- Theatrical release poster
- Directed by: Costa-Gavras
- Written by: Costa-Gavras Franco Solinas
- Produced by: Bob Cortez Edward Lewis
- Starring: Jill Clayburgh Jean Yanne Gabriel Byrne Mohammad Bakri Zinedine Soualem
- Cinematography: Ricardo Aronovich
- Edited by: Françoise Bonnot
- Music by: Gabriel Yared
- Production companies: Gaumont K.G. Productions Films A2
- Distributed by: Gaumont
- Release date: 7 September 1983;
- Running time: 111 minutes
- Countries: Israel France
- Language: English

= Hanna K. =

1983 film by Costa-Gavras

Hanna K. is a 1983 drama film directed by Costa-Gavras, starring Jill Clayburgh and Gabriel Byrne. The film was an attempt to depict the Palestinian-Israeli conflict in human terms.

==Plot==
Hanna K. is the story of Hanna Kaufman, a child of Holocaust survivors and an American-Jewish immigrant to Israel, who is a court-appointed lawyer assigned to defend a Palestinian, Salim Bakri, accused of terrorism and infiltration. Salim claims that he was trying to regain possession of his family house. Hanna saves him from a jail sentence, but he is deported to Jordan. Salim eventually returns, is jailed for illegal immigration, and he again asks for her services. Hanna investigates the story and discovered that Salim's family home is now a tourist attraction in Kafr Rimon, a settlement built and lived in by Russian Jews. Bakri's former village of Kufr Rumaneh has disappeared except for a few stones and trees.
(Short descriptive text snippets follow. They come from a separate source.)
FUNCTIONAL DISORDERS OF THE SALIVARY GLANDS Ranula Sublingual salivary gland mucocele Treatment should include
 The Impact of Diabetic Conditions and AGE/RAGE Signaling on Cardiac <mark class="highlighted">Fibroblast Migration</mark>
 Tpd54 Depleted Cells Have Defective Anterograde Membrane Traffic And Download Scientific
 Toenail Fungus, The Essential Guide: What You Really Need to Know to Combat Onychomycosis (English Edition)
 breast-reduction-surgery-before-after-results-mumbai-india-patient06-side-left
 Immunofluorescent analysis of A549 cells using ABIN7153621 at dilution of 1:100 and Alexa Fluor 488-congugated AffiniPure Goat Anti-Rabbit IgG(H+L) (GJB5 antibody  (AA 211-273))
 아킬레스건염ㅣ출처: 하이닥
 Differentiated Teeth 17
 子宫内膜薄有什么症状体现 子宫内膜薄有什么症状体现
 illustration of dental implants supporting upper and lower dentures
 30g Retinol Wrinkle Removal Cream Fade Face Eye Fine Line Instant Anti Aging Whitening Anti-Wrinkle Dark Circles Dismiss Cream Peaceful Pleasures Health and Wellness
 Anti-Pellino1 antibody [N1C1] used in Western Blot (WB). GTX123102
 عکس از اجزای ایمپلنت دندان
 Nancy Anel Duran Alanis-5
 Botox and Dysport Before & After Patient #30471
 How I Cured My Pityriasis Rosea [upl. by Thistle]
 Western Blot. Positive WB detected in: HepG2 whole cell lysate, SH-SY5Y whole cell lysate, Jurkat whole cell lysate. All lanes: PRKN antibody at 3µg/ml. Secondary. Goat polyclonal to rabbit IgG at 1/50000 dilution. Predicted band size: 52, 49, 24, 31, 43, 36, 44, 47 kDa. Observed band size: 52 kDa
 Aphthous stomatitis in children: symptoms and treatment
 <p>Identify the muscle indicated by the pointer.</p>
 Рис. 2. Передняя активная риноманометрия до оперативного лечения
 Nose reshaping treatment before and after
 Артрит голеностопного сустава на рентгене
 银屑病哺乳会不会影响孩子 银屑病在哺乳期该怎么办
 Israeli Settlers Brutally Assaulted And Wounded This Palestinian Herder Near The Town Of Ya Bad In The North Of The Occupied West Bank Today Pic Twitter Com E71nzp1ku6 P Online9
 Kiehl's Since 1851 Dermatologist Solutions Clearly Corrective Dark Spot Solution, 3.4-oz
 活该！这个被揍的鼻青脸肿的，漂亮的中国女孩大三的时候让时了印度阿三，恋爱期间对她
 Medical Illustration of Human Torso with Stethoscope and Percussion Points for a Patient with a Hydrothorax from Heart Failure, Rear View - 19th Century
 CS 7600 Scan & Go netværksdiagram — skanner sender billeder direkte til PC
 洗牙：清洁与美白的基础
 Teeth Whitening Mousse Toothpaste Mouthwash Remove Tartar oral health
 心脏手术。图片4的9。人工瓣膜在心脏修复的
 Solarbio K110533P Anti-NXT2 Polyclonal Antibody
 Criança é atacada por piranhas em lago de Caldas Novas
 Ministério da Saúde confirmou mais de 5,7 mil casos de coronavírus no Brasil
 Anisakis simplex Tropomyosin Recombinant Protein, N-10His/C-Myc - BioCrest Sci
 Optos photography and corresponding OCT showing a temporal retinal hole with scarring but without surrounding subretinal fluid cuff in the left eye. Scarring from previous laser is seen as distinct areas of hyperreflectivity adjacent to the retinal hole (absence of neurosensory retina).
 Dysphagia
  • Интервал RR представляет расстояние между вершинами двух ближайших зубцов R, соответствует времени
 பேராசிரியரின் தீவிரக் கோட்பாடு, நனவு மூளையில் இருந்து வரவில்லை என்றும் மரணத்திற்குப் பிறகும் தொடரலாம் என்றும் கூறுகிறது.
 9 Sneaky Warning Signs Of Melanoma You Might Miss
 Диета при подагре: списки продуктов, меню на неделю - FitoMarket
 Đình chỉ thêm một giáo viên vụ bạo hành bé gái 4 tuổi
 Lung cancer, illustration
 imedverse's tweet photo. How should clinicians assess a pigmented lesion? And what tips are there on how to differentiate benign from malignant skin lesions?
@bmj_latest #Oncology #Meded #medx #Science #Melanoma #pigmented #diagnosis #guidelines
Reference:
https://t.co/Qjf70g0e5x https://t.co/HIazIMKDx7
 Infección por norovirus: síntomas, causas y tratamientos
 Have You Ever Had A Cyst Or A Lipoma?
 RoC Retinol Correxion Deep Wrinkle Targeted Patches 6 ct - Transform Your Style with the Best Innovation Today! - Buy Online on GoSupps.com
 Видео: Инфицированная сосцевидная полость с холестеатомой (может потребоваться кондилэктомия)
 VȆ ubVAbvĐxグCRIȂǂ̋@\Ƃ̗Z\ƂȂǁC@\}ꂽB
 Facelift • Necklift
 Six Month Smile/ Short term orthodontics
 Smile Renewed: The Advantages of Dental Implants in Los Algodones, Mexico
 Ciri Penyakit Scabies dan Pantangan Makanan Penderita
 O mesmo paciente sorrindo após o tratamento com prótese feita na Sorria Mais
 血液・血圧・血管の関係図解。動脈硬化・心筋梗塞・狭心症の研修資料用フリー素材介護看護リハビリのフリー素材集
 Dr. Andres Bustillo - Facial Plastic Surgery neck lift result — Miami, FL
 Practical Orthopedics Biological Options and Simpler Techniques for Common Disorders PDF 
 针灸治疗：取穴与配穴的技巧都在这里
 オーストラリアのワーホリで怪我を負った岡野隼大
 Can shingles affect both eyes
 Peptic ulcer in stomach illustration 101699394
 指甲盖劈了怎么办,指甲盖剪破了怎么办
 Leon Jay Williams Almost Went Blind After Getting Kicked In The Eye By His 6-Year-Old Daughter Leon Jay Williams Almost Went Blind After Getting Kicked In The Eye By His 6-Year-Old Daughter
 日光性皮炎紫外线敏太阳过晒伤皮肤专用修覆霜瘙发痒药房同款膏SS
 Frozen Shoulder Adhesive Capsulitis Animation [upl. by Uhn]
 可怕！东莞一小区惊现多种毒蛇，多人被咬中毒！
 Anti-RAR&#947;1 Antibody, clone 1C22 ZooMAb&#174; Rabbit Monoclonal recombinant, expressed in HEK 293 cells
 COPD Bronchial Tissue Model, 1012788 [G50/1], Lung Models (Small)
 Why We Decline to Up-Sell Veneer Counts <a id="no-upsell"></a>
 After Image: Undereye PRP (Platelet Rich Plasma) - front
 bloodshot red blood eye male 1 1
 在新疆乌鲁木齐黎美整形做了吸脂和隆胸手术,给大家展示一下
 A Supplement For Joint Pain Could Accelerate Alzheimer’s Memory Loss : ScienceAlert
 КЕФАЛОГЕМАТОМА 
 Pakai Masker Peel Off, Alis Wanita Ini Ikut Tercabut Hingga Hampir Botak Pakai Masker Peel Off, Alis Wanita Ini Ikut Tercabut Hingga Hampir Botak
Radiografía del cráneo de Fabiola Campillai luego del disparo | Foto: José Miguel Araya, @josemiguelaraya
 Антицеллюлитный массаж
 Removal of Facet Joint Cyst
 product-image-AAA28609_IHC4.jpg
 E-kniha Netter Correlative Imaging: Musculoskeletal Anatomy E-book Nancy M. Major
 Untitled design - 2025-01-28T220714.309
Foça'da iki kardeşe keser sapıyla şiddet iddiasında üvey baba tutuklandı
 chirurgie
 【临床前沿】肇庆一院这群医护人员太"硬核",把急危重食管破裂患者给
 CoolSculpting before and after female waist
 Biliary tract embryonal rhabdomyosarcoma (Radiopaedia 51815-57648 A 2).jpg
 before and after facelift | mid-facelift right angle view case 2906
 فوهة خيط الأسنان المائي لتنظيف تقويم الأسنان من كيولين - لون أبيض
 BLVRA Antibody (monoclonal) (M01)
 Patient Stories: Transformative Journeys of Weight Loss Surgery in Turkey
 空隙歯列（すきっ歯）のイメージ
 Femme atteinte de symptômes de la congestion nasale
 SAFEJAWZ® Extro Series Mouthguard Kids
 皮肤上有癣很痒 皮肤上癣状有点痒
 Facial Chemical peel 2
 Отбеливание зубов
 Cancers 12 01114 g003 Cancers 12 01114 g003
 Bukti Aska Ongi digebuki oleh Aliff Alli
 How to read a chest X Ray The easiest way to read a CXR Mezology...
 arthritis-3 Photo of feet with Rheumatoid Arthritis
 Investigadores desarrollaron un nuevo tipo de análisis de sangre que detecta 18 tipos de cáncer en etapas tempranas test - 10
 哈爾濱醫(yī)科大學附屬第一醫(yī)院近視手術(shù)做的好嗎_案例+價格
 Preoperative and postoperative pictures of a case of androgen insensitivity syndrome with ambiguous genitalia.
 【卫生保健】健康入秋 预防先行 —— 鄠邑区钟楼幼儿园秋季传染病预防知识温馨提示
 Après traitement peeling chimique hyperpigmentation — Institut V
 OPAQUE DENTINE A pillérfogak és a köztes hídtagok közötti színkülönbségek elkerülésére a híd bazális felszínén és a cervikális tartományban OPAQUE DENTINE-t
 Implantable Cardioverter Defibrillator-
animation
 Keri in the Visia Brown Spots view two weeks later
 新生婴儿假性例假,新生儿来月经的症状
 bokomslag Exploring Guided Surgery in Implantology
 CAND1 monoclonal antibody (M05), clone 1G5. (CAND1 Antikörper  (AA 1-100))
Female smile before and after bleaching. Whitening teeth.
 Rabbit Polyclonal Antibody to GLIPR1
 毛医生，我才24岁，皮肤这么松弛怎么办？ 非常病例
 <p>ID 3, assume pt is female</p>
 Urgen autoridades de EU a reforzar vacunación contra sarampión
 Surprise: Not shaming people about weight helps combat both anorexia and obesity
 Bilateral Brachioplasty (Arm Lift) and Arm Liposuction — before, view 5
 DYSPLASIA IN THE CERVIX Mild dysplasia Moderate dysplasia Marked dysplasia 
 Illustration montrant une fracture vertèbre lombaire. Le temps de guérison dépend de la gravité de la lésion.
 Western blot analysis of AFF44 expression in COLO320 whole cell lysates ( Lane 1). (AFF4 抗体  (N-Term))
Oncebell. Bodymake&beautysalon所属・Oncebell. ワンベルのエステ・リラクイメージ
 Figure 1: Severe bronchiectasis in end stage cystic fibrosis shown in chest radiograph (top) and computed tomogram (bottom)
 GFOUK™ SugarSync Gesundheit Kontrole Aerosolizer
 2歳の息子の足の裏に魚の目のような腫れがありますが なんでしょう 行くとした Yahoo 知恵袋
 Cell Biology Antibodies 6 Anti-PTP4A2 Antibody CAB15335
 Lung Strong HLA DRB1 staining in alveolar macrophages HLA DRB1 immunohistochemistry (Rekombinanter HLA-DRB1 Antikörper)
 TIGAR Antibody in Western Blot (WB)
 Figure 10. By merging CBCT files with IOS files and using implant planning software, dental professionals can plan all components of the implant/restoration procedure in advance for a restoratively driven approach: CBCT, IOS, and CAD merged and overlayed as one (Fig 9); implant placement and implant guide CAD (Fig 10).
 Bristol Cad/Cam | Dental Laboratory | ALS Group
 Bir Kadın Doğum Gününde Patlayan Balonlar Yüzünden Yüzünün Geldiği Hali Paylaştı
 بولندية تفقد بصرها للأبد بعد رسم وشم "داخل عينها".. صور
The state's attorneys offer Hanna a deal: if she drops the proceedings, they will arrange for Salim to become a South African citizen, and he can then return to Israel and try to get his property back. Hanna is confronted with the fact that one legacy of the Holocaust was the dispossession of the Palestinians while her colleagues attempt to persuade her of the merits of the arrangement for Salim with the argument that Israel must be "defended" even if Palestinians are denied their rights.

==Reception==
Pro-Israeli groups were concerned about the film's sympathetic depiction of the Palestinian issue. An internal memorandum was circulated by B'nai B'rith advising members about arguments which can be made against the film.

Hanna K. opened in several American cities and played for a short time to negative reviews, and then was abruptly pulled from circulation by Universal Pictures the American distributor of the film. Costa Gavras personally advertised the film in The New York Times at a cost of $50,000. Universal forbade him to use ads prepared for the film.

Vincent Canby of The New York Times called it a "large, soggy dud" with ill-drawn characters and "dopey dialogue." Edward Said said in a Village Voice review that "as a political as well as cinematic intervention, then Hanna K. is a statement of a great and, I believe, lasting significance."

==Legacy==
In her 1986 book Israel and the American National Interest, A Critical Examination Cheryl A. Rubenberg said that the film was a departure from the entertainment industry's traditionally sympathetic stance, as found in films and television docudramas such as Exodus, The Chosen, A Woman Called Golda, and Entebbe.